Popular Science further debunks any 'But I can taste it!" claims, by providing a refresher course into how the complicated sense of taste works. "Taste buds are little pores containing many, many sensory cells with little hairlike projections on them that increase their surface area," the website explains. "Those 'hairs' have many thousands of receptors embedded in their cellular membranes, and it’s these receptors that enable you to perceive taste."

The taste receptors then relay that information to the brain, which then determines which flavor, or combination of flavors, that is being tasting at that moment. (This is the Cliff's Notes explanation but, let's be honest: if you're currently soaking your scrotum in a liquid condiment, we probably don't need to get more advanced than that.)
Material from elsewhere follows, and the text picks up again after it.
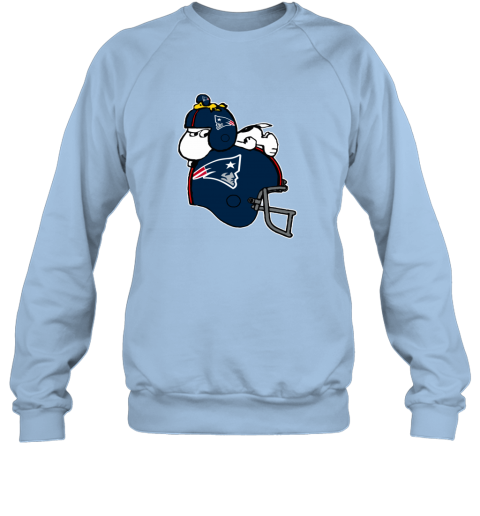 szlk snoopy and woodstock resting on new englands patriots helmet sweatshirt 35 front light blue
So, although taste receptors have been discovered elsewhere in the human body, including inside the intestines, in the bladder, and, yes, in the testes, they aren't connected to the brain in the way that the receptors inside the tastebuds are, and they have nothing to do with the sense of taste. Still not convinced? Even Dr. Oz doesn't believe this shit. "What comes out of your testicles may have taste but your testicles themselves don't have tastebuds," he told TMZ.

Now please pour the rest of that soy sauce into the trash. Nobody wants to use it now.